While audiences were first introduced to the Marvel Cinematic Universe with Iron Man, within the universe, Captain America was truly the first Avenger. From the first time we met Steve Rogers, who is played by Chris Evans, his commitment to saving the world for the greater good was clear.
However, the events of Captain America: Civil War changed everything. With the members of the Avengers picking sides, Cap found an ally in Natasha Romanoff aka Black Widow, who is played by Scarlett Johansson. Together the two tried to pick up the pieces of what was left of the Avengers.
“Between the events of Civil War and now, Steve and Natasha have been together, that’s how we imagined it,” said Johansson. “I think they’ve kind of been sort of flying under the radar but still taking care of business in the way that they know how to do, and I think when we find them in this film, they are just a fine, well-oiled machine. They sort of have a seamless communication between them.”
She continued, “But they’re more hardened, I think, and I think when you are working underground for such a long time and you don’t have—not that they need to have any sort of back-patting or recognition exactly—but I think when you’re sort of fighting for something that you know is important but is not being really recognized or supported by a larger organization or even like, society as a whole, I think that makes—it takes a certain toll, and you can get feelings about it in a way. So that’s kind of where we find them [in this film].”
Evans wasn’t coy though, admitting that it has been a tough time for Cap. “I’ve dropped the shield essentially,” he said. “I kind of went rogue a little bit. But again, I think it’s in his nature to be of service, and I think to some degree in order to maintain sanity, he had to kind of function within a system. That’s how his brain works, there has to be some kind of functioning factory that he can operate within. I think Black Widow kind of, to some degree probably has a similar output, and I think we leaned on each other, especially in the face of that kind of loss coming off of Civil War. And so he’s been running these missions, answering to nobody, really. I mean, it really is the sign of a broken person.”
As for the division within the group, Evans sees hope for some peaceful unification with his old friend Tony Stark. “I don’t think either one of us are ones to hold grudges,” he said. “I think we operate a very binary, utilitarian approach to most things we do, and I don’t think we let emotion dictate our reality. It’s been a couple years, so I think we both, to some degree … not moved on, but maybe buried some things.”

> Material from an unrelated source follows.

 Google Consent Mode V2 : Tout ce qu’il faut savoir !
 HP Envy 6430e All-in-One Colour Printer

“I think Cap knows how to compartmentalize,” he continued. “I think he’s becoming disillusioned as he gets older. Every single movie, he learns a little bit more that the world isn’t the way he kind of wants it to be, and I think that’s why there’s a connection between him and Black Widow. Black Widow has seen a lot more than he has, and is ... a little more calloused, and I think in a lot of ways, he looks up to that and learns from that. First it was kind of the hierarchy of a kind of government structure that fell apart, and then there was a friendship that ... betrayed him, or abandoned him, I should say. I think when those things happen, it’s like a destruction of a belief system to some degree, and you ... can be a little cold as a result. And I think you lean on people that have walked familiar paths and there’s no denying that Black Widow has certainly faced a lot of those challenges. I think he’s compartmentalized it enough to put it as a lower priority than what’s at hand.”
But that doesn’t mean all is forgiven and the Avengers have gotten back together. “I don’t know if I would necessarily say that this is the group of Avengers,” Evans admitted. “Just circumstances have dictated that we come together.”

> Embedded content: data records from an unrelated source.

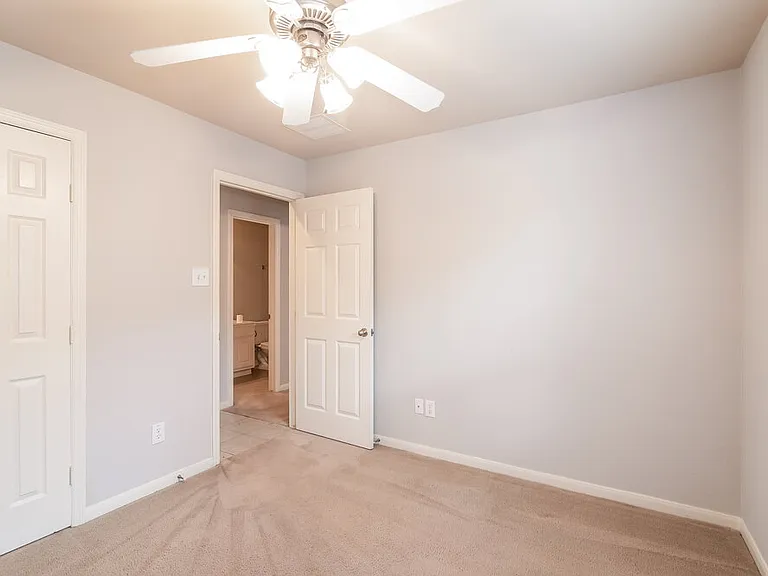 17918 Green Trace Ln — Photo 11
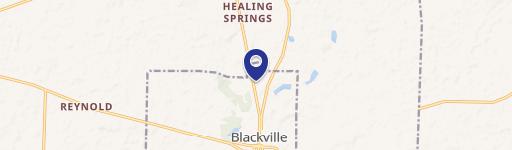 20506 Solomon Blatt Ave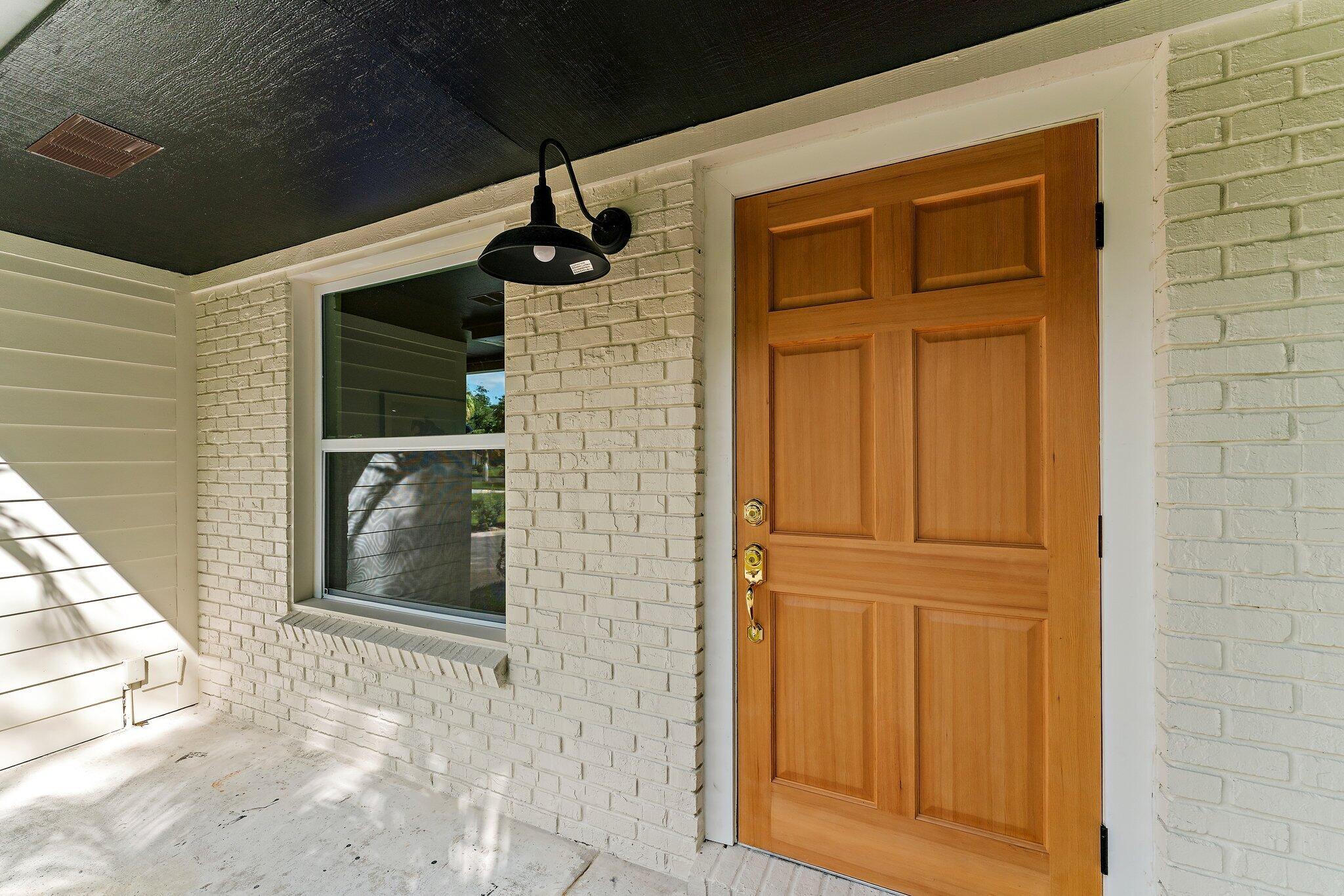 MONET WOODS - Residential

Of course, those circumstances surround the ever present Thanos—and both Cap and Black Widow—have a bit of an idea for what they are in for.
Johansson added, “I think our characters, after encountering all that we have, whether it was Ultron or any other kind of psychopathic person, or being—my character in particular is very strategic, and it’s not something that she can necessarily wrap her head around. We’re a little bit blind going into this. I don’t know that we … necessarily know—we are wary of what we’re up against, but I think it’s very abstract.”
Evans agreed. “I think in some degree, it’s probably worst fears come to reality. I think the first time the sky opens up and aliens pour into the city, you kind of realize, well that’s a possibility, and we handled it this time, but who knows how powerful these people can become? And I think this is kind of a worst-case scenario where you find out all the potential of someone trying to destroy your planet can be.”
“We have had a little bit of a taste of what’s coming. We have a different perspective,” Johansson said. “I think one thing that [our characters all] share in common is they don’t make decisions emotionally, especially, I think, Natasha. I think they’re wary of what they’re up against.”
As for their new teammates, the idea of bringing together the entire Marvel Cinematic Universe is exciting to the actors.
“It was fun with Avengers, bringing all these characters to life,” Evans said, “but they weren’t all separate threads of characters that’ve had their own separate adventures. I don’t think this has ever been done before, where you have so many different franchises coming together to ... really try to make one stew. Like I said, Avengers was pretty ambitious, but this really blows that one out of the water.”